I wrote recently about overcoming an issue with orphaned documents when doing a database attach upgrade from SharePoint 2007 to SharePoint 2010. During that same database upgrade, I managed to run into a second nasty error. After running the PowerShell mount-spContentDatabase command, the progress would go to approximately 15% complete, and then the process would fail. Investigation of the upgrade log revealed the following errors:
[powershell] [SPContentDatabaseSequence] [ERROR] [8/26/2011 8:56:01 AM]: Action 4.0.2.0 of Microsoft.SharePoint.Upgrade.SPContentDatabaseSequence failed. [powershell] [SPContentDatabaseSequence] [ERROR] [8/26/2011 8:56:01 AM]: Exception: The statistics '_dta_stat_1365579903_2_3_4_188_190_27_28_187_192' is dependent on column 'tp_ContentType'. The statistics '_dta_stat_1365579903_28_192_190_4_27_187_188_3_26_2' is dependent on column 'tp_ContentType'. The statistics '_dta_stat_1365579903_3_4_188_190_27_28_187' is dependent on column 'tp_ContentType'. ALTER TABLE DROP COLUMN tp_ContentType failed because one or more objects access this column.
This was happening when the upgrade process was altering the Database schema, and removing the tp_ContentType column from the table. I know SQL quite well from a BI perspective, and well enough from a SharePoint perspective, but I had never before bumped into a problem with SQL statistics.
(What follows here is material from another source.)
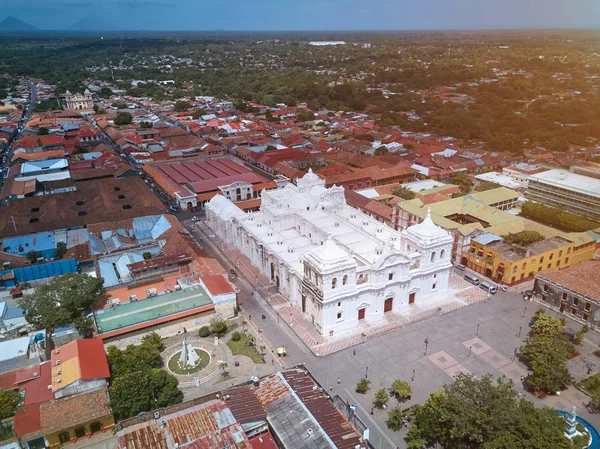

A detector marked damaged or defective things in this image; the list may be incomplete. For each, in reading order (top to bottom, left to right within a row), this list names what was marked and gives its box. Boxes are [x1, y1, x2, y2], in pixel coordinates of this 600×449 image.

rusty roof [221, 384, 266, 424]
rusty roof [282, 370, 366, 448]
Statistics are created in conjunction with indices to help optimize performance. Kim Tripp talks about them in a good article here, and Idera has a nice in-depth discussion on them here. However nice they may be, they were preventing my upgrade, so how important were they?
Well, as it turns out, a well meaning SQL DBA had decided that it would be a good idea to optimize the SharePoint databases, and had run a process that created a number of these statistics. Unfortunately, these ones implemented referential integrity constraints that were preventing the schema to be changed, and causing the upgrade to fail.
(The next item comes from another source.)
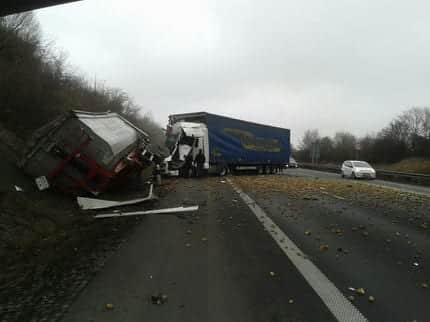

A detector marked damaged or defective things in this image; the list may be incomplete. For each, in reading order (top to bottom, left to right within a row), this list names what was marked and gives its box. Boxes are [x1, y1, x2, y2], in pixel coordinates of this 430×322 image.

overturned truck cab [18, 110, 160, 195]
overturned truck cab [163, 110, 290, 176]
Luckily, these statistics followed a consistent naming convention. I was fairly easily able to go through each table in the content database and remove the offending statistics (in my case, all of the ones that began with “_dta”. There were other statistics in there, and they were left alone.
Once the statistics were removed, the upgrade proceeded smoothly. Once again, I was forced to manipulate the content database directly to solve a problem, which is not at all a good idea generally. However, in this case, it was done to undo some other changes previously implemented.
Hopefully this can save someone else some grief in the future.